▶ **INPUT MATERIAL**
═══

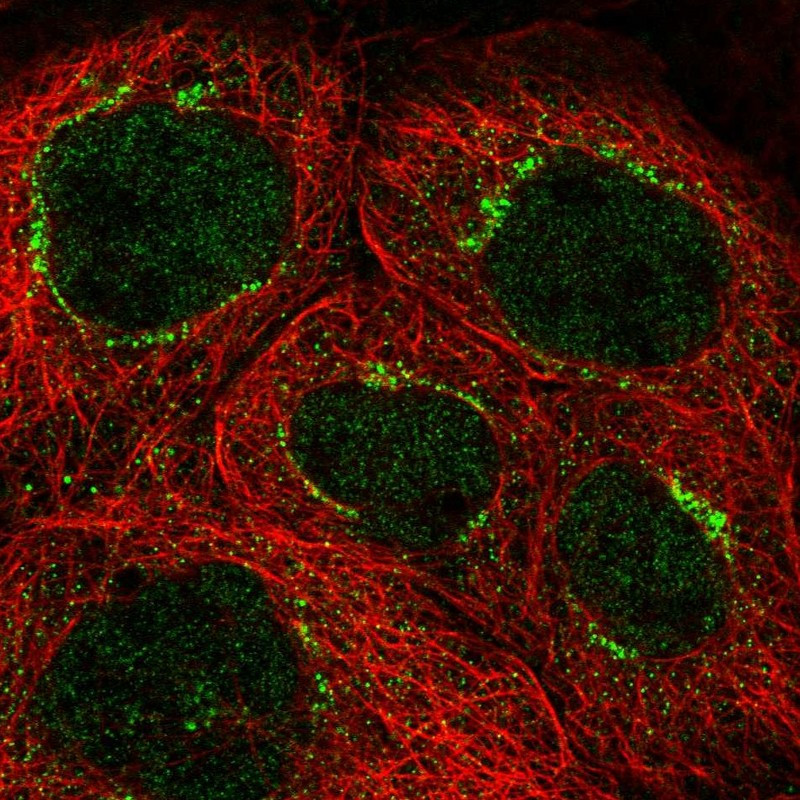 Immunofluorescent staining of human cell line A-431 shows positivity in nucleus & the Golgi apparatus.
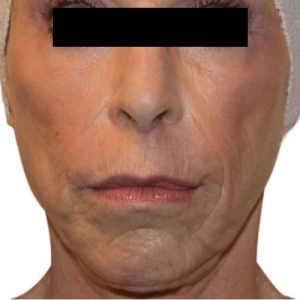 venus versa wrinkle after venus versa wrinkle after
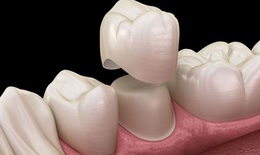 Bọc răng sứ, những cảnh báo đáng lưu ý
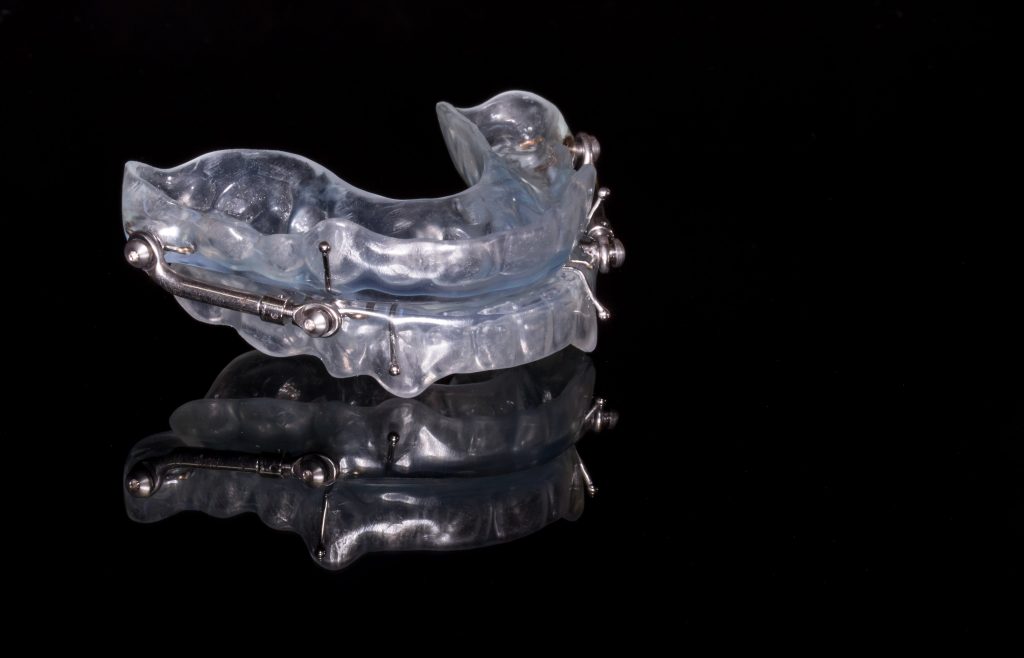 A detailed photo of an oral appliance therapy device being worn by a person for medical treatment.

═══

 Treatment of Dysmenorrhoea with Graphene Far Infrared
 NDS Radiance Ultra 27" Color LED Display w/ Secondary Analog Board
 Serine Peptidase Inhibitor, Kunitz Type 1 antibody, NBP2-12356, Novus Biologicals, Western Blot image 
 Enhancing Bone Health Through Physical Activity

═══

▶ **AIM OF THE EXERCISE**
Go through the material above and output exactly the lines from the one containing "Treatment of Dysmenorrhoea" through the one containing "Enhancing Bone Health".

▶ **TASK RESULT**
 Treatment of Dysmenorrhoea with Graphene Far Infrared
 NDS Radiance Ultra 27" Color LED Display w/ Secondary Analog Board
 Serine Peptidase Inhibitor, Kunitz Type 1 antibody, NBP2-12356, Novus Biologicals, Western Blot image 
 Enhancing Bone Health Through Physical Activity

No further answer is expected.